The trip included a tour of the Susya village, south of Hebron, which has been repeatedly under threat of demolition for the past 30 years based on Israeli claims that homes in the area were erected without the necessary permits.
This deeply concerned the US representative as he took to Twitter to criticise Israel for repeatedly demolishing the Palestinian buildings in Susya that had to be rebuilt numerous times.
He wrote: "Yesterday, I travelled to the southern West Bank, including the Palestinian village of Susya, which the Israeli government has destroyed twice and currently denies access to water."
Yesterday, I traveled to the southern West Bank, including the Palestinian village of Susya, which the Israeli government has destroyed twice and currently denies access to water. pic.twitter.com/VTDzdoJTyl
— Rep. Andy Levin (@RepAndyLevin) November 6, 2019
Consisting mostly of tents, and without running water or electricity, the Susya village has risen to international prominence in recent years, according to the New Arab.
Levin watched how Jewish settlers nearby are granted government-supplied amenities, yet the Palestinians remained "resilient".
He stated: "It was simply incredible. As angry as the situation made me, the resilience of the Palestinian villagers left an even stronger impression."
The presence of these Israeli settlements in the occupied West Bank is illegal under international law.
In August, Levin was among the numerous members of US Congress to condemn Israel's decision to ban Congresswomen Rashida Tlaib, also a representative from Michigan, and Ilhan Omar of Minnesota from visiting Israel.
They became the first members of the US Congress to be banned by Israel, with US President Donald Trump, stating the Jewish state would show "great weakness" if it let them in.
The two left-wing Democrats have repeatedly highlighted the injustice suffered by Palestinians at the hands of occupation forces.
Days later, Palestinian Tlaib was granted permission to enter Israel to visit her ailing grandmother on the basis that she would not take part in any political activity during her stay. She rejected the offer.
"This is a completely misguided decision that reeks of political motivation," Levin said at the time.
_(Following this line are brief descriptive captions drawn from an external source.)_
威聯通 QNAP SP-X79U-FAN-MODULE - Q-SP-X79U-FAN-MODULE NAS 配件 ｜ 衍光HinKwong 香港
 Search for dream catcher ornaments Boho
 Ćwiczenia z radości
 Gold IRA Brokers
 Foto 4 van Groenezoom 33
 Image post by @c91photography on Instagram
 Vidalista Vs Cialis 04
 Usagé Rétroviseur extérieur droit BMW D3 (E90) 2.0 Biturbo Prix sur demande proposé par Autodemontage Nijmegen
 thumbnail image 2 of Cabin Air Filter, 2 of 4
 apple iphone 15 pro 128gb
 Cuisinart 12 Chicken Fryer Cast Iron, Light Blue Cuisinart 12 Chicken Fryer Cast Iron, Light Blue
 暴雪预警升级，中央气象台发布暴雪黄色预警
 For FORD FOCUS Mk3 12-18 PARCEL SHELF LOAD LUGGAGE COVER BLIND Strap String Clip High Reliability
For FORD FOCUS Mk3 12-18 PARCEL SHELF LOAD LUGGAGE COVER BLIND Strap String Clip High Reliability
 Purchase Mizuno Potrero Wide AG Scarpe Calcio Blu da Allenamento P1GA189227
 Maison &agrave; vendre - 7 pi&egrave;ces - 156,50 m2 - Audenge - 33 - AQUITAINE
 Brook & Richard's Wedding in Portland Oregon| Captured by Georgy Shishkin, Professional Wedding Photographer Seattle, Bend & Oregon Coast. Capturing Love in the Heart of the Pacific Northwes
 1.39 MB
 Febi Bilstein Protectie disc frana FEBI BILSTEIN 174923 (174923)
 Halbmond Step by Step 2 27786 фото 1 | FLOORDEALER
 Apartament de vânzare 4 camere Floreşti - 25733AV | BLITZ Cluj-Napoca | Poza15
"This decision pulls at the seams of our two countries' important relationship and endangers Israel by attempting to politicise American support for the country. The Israeli government should reject the bigoted, wedge-driving political tactics of President Trump, who recently said that both congresswomen should 'go back' to their countries, and grant representatives Tlaib and Omar entry into the country to do their jobs."